Ignorance des faits présumés

Lady Donaldson a affirmé ne pas avoir soupçonné qu'il se passait quelque chose de sexuel. « Je ne savais tout simplement pas, je vais être honnête… Il ne m'a jamais donné de détails. Il ne voulait pas en parler », a-t-elle ajouté. Elle a précisé avoir évoqué le sujet avec son époux plus tard, mais qu'il avait « éludé la question ». Des années après les faits, elle a appris que son mari avait demandé pardon à la plaignante B lors d'une réunion à Armoy, mais elle a assuré n'avoir jamais su la raison de cette demande. « Peu importe combien de fois j'ai abordé ce sujet, cela ne m'a jamais été révélé », a-t-elle confié. Selon elle, Sir Jeffrey s'est contenté de répondre que « c'est du passé et que cela a été réglé ».

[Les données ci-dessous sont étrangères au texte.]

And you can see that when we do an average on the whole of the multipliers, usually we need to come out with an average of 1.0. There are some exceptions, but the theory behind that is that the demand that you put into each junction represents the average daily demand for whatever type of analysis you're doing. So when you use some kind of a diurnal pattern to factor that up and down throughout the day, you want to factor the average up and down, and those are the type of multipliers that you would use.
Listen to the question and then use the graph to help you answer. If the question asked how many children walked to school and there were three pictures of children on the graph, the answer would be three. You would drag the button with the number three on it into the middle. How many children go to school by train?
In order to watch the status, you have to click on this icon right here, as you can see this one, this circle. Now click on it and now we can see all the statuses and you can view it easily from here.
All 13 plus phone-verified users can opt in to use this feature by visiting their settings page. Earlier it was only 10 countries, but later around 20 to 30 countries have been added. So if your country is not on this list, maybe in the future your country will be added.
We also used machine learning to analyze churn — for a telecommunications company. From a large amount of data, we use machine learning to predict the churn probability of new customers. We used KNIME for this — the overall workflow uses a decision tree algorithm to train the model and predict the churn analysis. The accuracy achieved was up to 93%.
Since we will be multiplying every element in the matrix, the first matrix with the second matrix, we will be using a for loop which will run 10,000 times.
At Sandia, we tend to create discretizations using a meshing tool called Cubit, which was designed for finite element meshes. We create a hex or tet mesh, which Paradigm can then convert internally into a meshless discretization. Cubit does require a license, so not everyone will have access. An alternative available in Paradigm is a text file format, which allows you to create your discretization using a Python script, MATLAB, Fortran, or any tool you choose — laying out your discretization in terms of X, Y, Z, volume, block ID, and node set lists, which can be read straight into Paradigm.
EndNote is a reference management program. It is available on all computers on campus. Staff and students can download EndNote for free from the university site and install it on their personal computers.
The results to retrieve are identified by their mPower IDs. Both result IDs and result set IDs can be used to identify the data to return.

Charges et suite du procès

Les deux plaignantes ont porté plainte auprès de la police nord-irlandaise en mars 2024. Sir Jeffrey Donaldson conteste 18 chefs d'accusation d'abus sexuels, allégués pour des faits commis entre 1985 et 2008. Les charges incluent des actes de grossière indécence, des agressions indécentes contre la plaignante A et un viol contre la plaignante B, toutes deux mineures à l'époque des faits présumés. Le procès se poursuit.